# How To Replace the Radiator on a '07 Versa



## techtalk (Jun 8, 2011)

What's going on guys,

A customer of mine recently brought in their '07 Versa to have the radiator changed, which wouldn't normally cause me to take note except for that fact that they somehow managed to rack up 98,000 miles on a 2007 model year vehicle!  I suppose the fact that the owner said this was the first major maintenance job that he had to perform on his Versa is a solid testament to the car's stalwart reliability though 

Anywhoo, here is the procedure for replacing the radiator in a '07 Versa:

1) Drain engine coolant from radiator.

2) Remove air duct (inlet). (refer to this Versa Air Cleaner diagram)

3) Remove reservoir tank as follows:
a) Disconnect reservoir tank hose.
b) Release the tab in the direction shown by the arrow.










c) Lift up while removing the reservoir tank hose, and then remove it.

4) Disconnect harness connector from fan motors and move harness aside.

5) Disconnect CVT or A/T fluid cooler hoses, if equipped.
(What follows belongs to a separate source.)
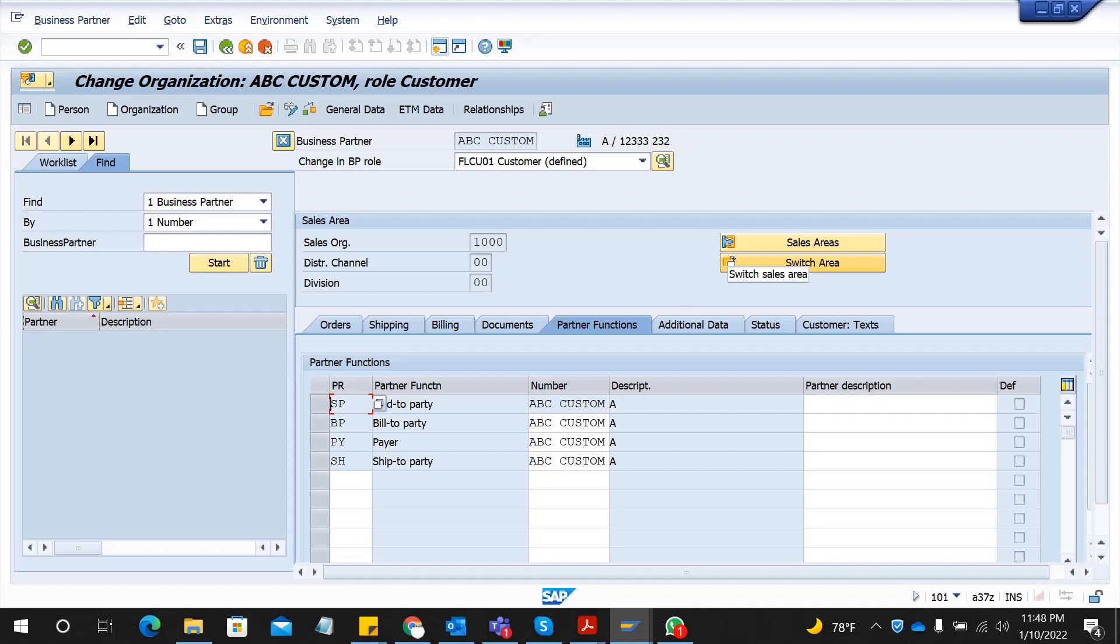Here also your customer can be a vendor or can be any other partner in your business. So no need to create different roles to represent those kind of companies or groups. You create a business partner and then you assign and extend it to a customer for your finance transaction side, and to your vendor if the customer acts as a vendor too.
6) Install plug to avoid leakage of CVT or A/T fluid, if necessary.

7) Remove radiator hoses (upper and lower).

8) Remove radiator core support cover.

9) Remove radiator core support (upper) bolts, bolts of stationary part on the radiator core support side and clip. Lift radiator from radiator (upper) mount part of radiator core support (upper).

10) Move radiator assembly to the rearward direction of vehicle, and then lift it upward to remove.

11) Installation is the reverse of removal.


----------